=== Begin Enclosure ===
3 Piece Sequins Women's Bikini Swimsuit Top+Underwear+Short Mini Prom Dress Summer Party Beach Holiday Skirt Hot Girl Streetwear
=== End Enclosure ===
=== Begin Enclosure ===
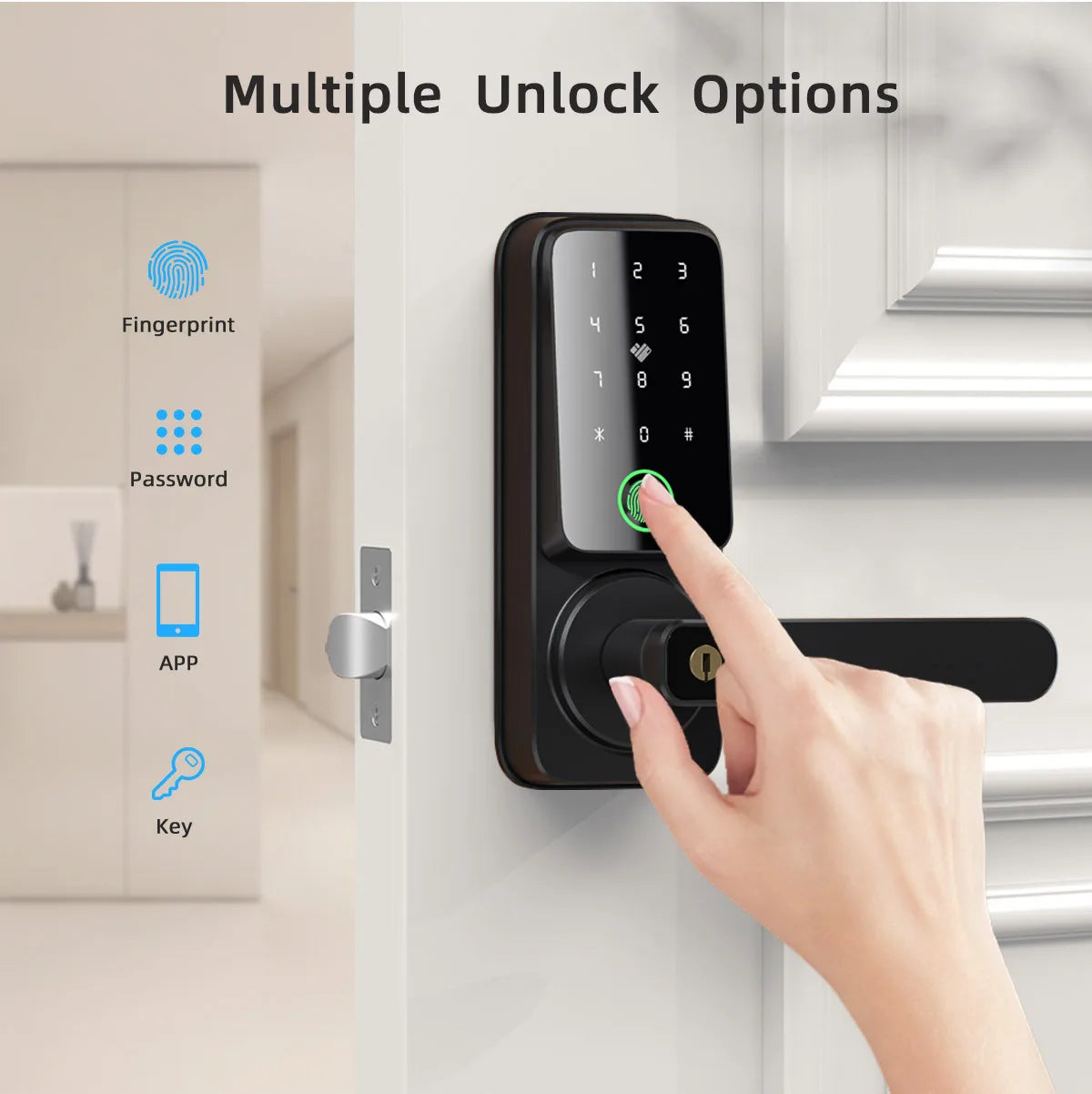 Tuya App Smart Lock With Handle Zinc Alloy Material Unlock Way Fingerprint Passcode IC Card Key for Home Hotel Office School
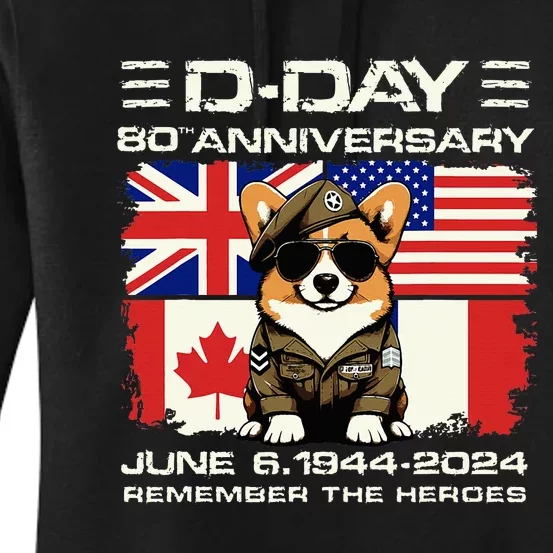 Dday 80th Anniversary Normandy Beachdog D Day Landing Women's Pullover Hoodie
=== End Enclosure ===
=== Begin Enclosure ===
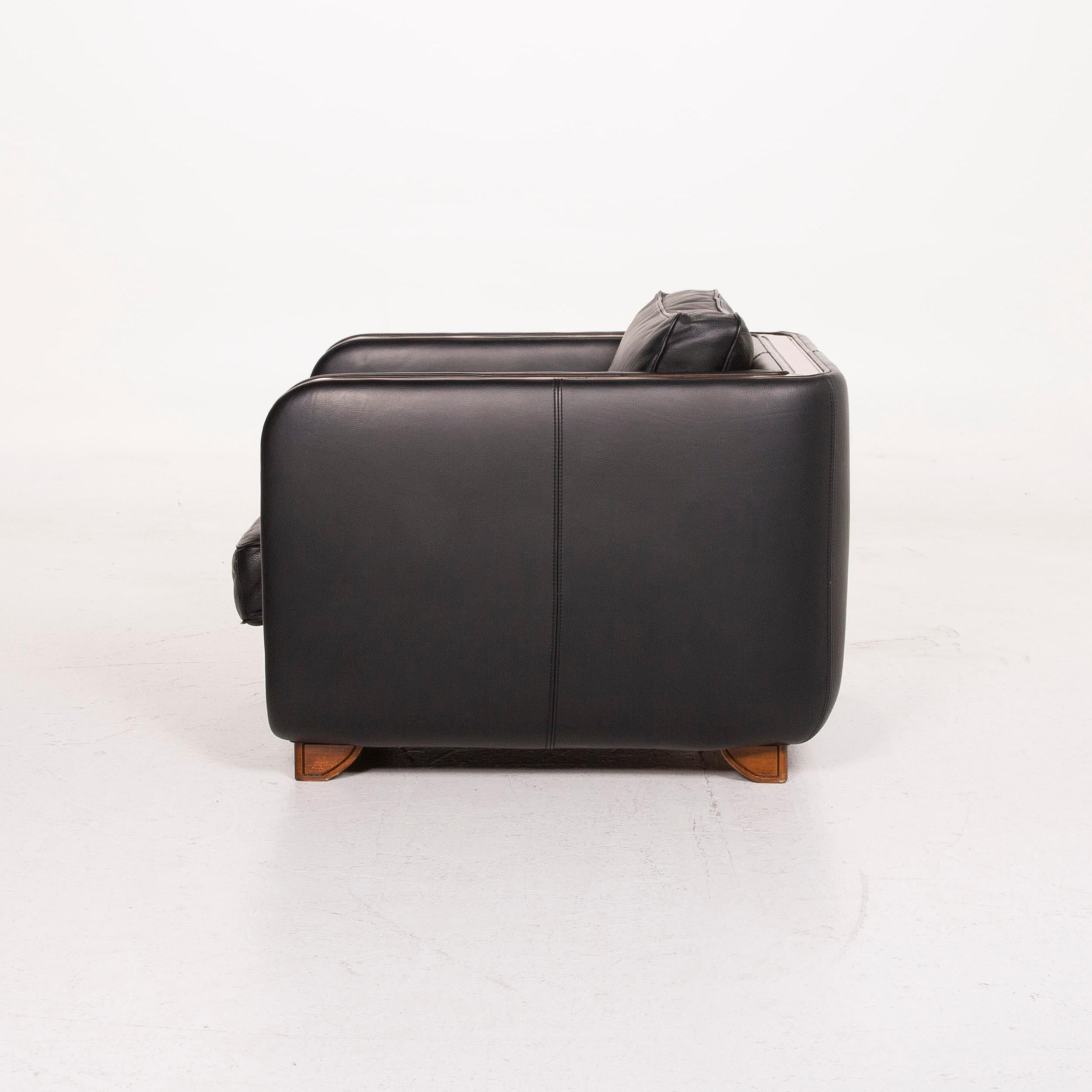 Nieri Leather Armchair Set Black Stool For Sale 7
=== End Enclosure ===
_DIRECTIONS FOR THIS TASK_. Leave the pictures out. Output, exactly, the lines of the material above starting at the line containing "Tuya App Smart" and ending at the line containing "Dday 80th Anniversary".

_SOLUTION TO THE EXERCISE_.
 Tuya App Smart Lock With Handle Zinc Alloy Material Unlock Way Fingerprint Passcode IC Card Key for Home Hotel Office School
 Dday 80th Anniversary Normandy Beachdog D Day Landing Women's Pullover Hoodie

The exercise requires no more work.